» **What you are asked to do**:
Print out every line of the material exactly. Include no pictures.

The data Start Marker

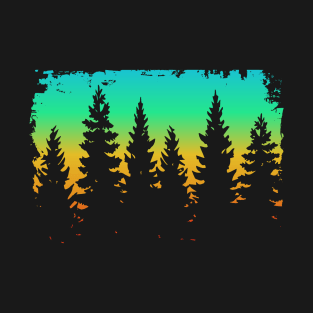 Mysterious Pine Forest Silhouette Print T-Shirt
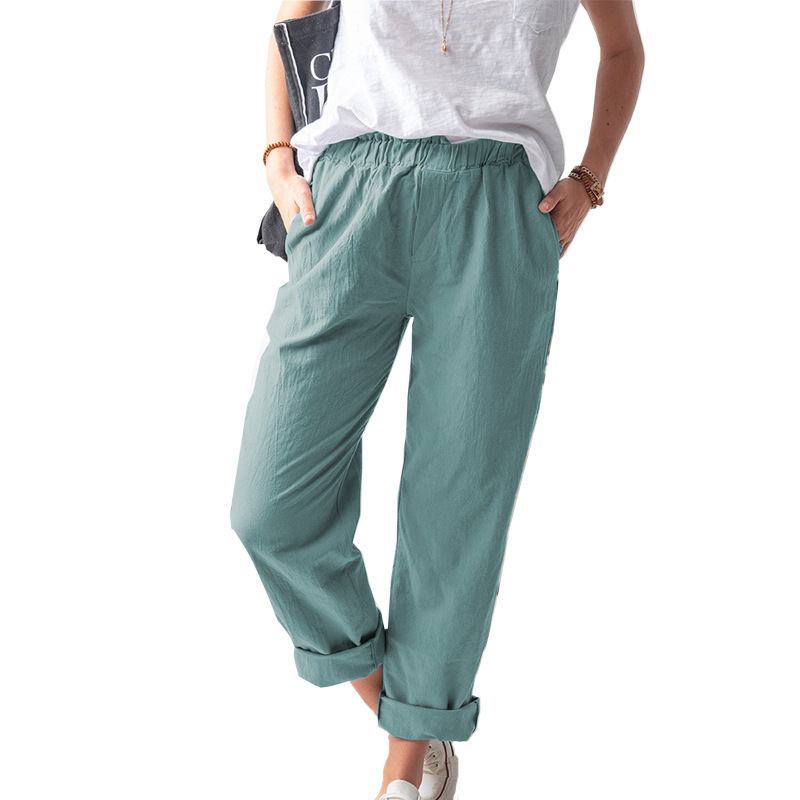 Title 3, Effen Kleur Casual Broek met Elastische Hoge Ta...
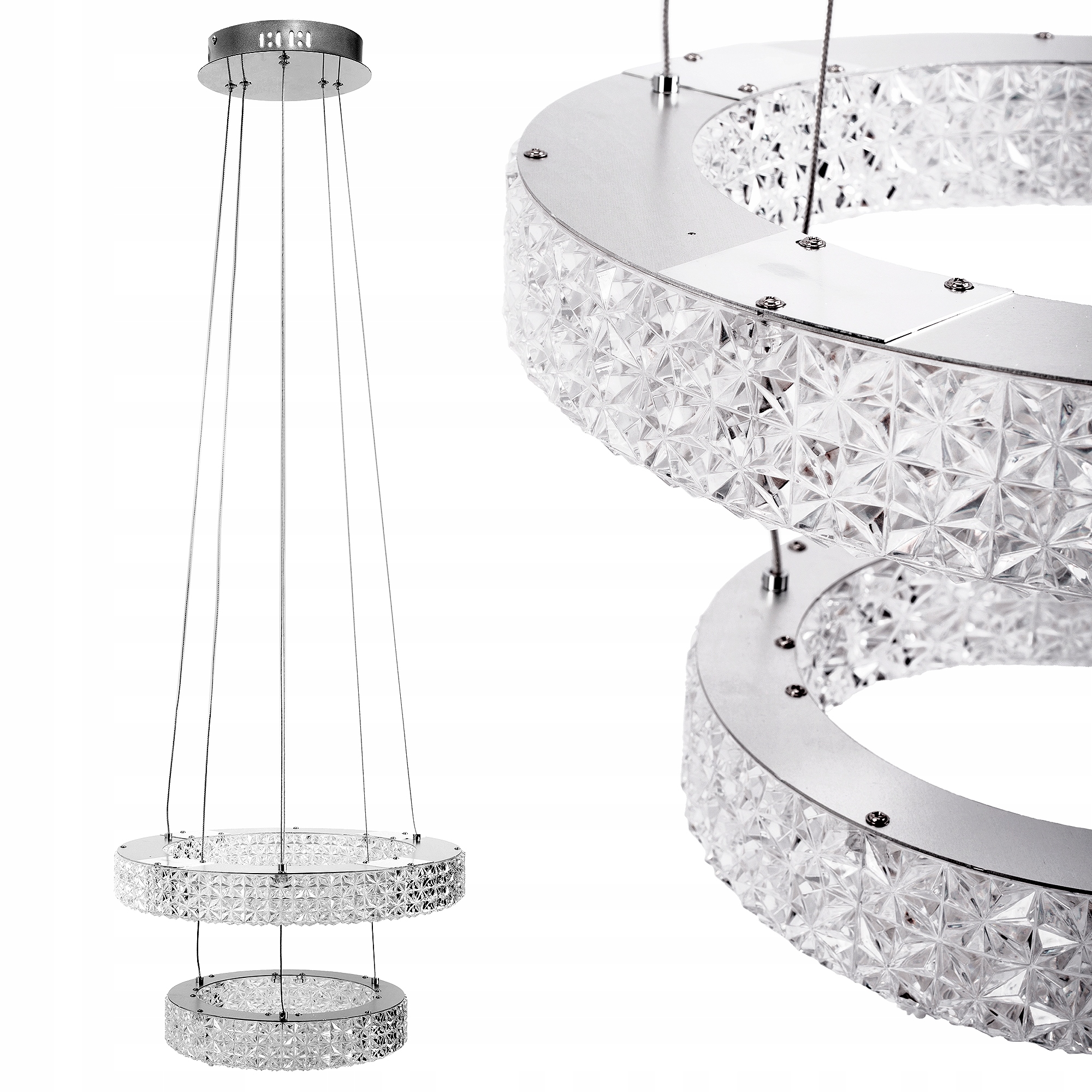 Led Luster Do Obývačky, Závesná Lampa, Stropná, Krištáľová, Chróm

The data End Marker

» **Response for this exercise**:
 Mysterious Pine Forest Silhouette Print T-Shirt
 Title 3, Effen Kleur Casual Broek met Elastische Hoge Ta...
 Led Luster Do Obývačky, Závesná Lampa, Stropná, Krištáľová, Chróm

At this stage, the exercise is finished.